What metrics should I monitor for CDEs?

Key CDE metrics include: workspace startup time, active workspace count, resource utilization (CPU/memory/storage), connection latency, build success rate, and cost per developer. Track SLIs like workspace availability and startup time p95.

How do I set up Prometheus monitoring for CDEs?

Most CDE platforms expose Prometheus metrics endpoints. Configure Prometheus to scrape the control plane metrics, add Grafana dashboards for visualization, and set up alerts for workspace failures, high latency, or resource exhaustion.

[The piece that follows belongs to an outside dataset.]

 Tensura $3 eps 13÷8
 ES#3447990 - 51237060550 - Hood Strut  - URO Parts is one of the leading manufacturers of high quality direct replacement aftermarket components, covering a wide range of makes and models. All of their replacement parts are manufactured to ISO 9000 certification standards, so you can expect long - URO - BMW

What SLOs should CDE platforms target?

Typical CDE SLOs: 99.5% workspace availability, workspace startup under 2 minutes (p95), IDE connection latency under 100ms, and 99% build success rate. Adjust based on your organization's requirements.

Monitoring & Observability Guide

Complete monitoring strategy for Cloud Development Environments. Track performance, ensure reliability, optimize costs, and maintain SLAs.

Quick Setup Dashboard Templates

Why Monitoring Matters

CDEs are mission-critical infrastructure. Without proper monitoring, you fly blind.

Business Impact

Developer productivity tracking
Incident response automation
Capacity planning data
Compliance evidence

SLA Management

Track uptime commitments
Measure error budgets
Identify SLO violations
Prove service quality

Cost Optimization

Detect idle workspaces
Right-size resources
Forecast spend trends
Reduce cloud waste

Key Metrics to Monitor

Track these metrics across your CDE platform for comprehensive observability.

Control Plane

API Latency

P50, P95, P99 response times

Error Rates

4xx, 5xx HTTP status codes

Auth Failures

SSO, OIDC, token validation

Workspaces

Creation Time

Request to ready (target: 60s)

Startup Time

Container/VM boot duration

Failure Rate

Failed provisioning attempts

Active Count

Running workspaces per user

User Experience

Connection Latency

SSH, VS Code Remote ping time

IDE Responsiveness

File save, autocomplete lag

Session Duration

Average time in workspace

Infrastructure

CPU Usage

Per workspace & cluster-wide

Memory Usage

RAM consumption & pressure

Disk I/O

Read/write throughput & IOPS

Network Traffic

Ingress/egress bandwidth

Cost Tracking

Spend per User

Daily/monthly cost attribution

Idle Time

Workspaces with no activity

Resource Waste

Over-provisioned instances

Budget Alerts

Threshold-based notifications

Prometheus & Grafana Setup

Industry-standard monitoring stack for CDEs. Open-source, powerful, and battle-tested.

Prometheus Configuration

prometheus.yml

global:
  scrape_interval: 15s
  evaluation_interval: 15s

scrape_configs:
  # Coder control plane metrics
  - job_name: 'coder'
    static_configs:
      - targets: ['coder:2112']

  # Kubernetes node metrics
  - job_name: 'kubernetes-nodes'
    kubernetes_sd_configs:
      - role: node

  # Workspace pod metrics
  - job_name: 'workspace-pods'
    kubernetes_sd_configs:
      - role: pod
        namespaces:
          names:
            - coder-workspaces
    relabel_configs:
      - source_labels: [__meta_kubernetes_pod_annotation_prometheus_io_scrape]
        action: keep
        regex: true

  # Cost metrics (AWS CloudWatch exporter)
  - job_name: 'cloudwatch-exporter'
    static_configs:
      - targets: ['cloudwatch-exporter:9106']

Essential PromQL Queries

Workspace Creation Time (P95)

histogram_quantile(0.95,
  sum(rate(workspace_build_duration_bucket[5m]))
  by (le, template)
)

API Error Rate

sum(rate(http_requests_total{
  status=~"5.."
}[5m]))
/
sum(rate(http_requests_total[5m]))

Idle Workspaces (> 1 hour)

count(
  time() - workspace_last_activity_seconds
  > 3600
)

Memory Usage per Workspace

sum(container_memory_usage_bytes{
  namespace="coder-workspaces"
}) by (pod) / 1024^3

Import Grafana Dashboard

Quick Import: Create a new Grafana dashboard and paste this JSON to get started immediately.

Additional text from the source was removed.